SUPPLIED INFORMATION >>
□ □ □ □ □

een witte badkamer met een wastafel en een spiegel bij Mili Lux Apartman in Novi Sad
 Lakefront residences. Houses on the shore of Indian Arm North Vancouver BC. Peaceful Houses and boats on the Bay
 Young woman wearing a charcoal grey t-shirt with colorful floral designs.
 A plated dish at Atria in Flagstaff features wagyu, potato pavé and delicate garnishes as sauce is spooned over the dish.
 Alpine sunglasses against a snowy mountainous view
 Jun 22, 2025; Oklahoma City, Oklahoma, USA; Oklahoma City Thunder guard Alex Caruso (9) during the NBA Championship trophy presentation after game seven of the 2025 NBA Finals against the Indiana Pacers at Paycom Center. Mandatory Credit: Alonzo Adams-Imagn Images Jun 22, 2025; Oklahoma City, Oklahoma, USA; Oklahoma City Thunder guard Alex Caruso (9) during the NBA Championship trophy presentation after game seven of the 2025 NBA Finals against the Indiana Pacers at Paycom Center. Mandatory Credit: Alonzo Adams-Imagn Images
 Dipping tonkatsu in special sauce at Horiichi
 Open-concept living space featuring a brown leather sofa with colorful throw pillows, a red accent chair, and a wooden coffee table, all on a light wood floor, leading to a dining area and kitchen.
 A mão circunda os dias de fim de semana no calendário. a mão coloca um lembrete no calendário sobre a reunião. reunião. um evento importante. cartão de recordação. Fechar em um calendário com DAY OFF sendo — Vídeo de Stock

□ □ □ □ □

EXERCISE DETAILS >> All entries must be repeated verbatim.

REPLY TO THE EXERCISE >>
een witte badkamer met een wastafel en een spiegel bij Mili Lux Apartman in Novi Sad
 Lakefront residences. Houses on the shore of Indian Arm North Vancouver BC. Peaceful Houses and boats on the Bay
 Young woman wearing a charcoal grey t-shirt with colorful floral designs.
 A plated dish at Atria in Flagstaff features wagyu, potato pavé and delicate garnishes as sauce is spooned over the dish.
 Alpine sunglasses against a snowy mountainous view
 Jun 22, 2025; Oklahoma City, Oklahoma, USA; Oklahoma City Thunder guard Alex Caruso (9) during the NBA Championship trophy presentation after game seven of the 2025 NBA Finals against the Indiana Pacers at Paycom Center. Mandatory Credit: Alonzo Adams-Imagn Images Jun 22, 2025; Oklahoma City, Oklahoma, USA; Oklahoma City Thunder guard Alex Caruso (9) during the NBA Championship trophy presentation after game seven of the 2025 NBA Finals against the Indiana Pacers at Paycom Center. Mandatory Credit: Alonzo Adams-Imagn Images
 Dipping tonkatsu in special sauce at Horiichi
 Open-concept living space featuring a brown leather sofa with colorful throw pillows, a red accent chair, and a wooden coffee table, all on a light wood floor, leading to a dining area and kitchen.
 A mão circunda os dias de fim de semana no calendário. a mão coloca um lembrete no calendário sobre a reunião. reunião. um evento importante. cartão de recordação. Fechar em um calendário com DAY OFF sendo — Vídeo de Stock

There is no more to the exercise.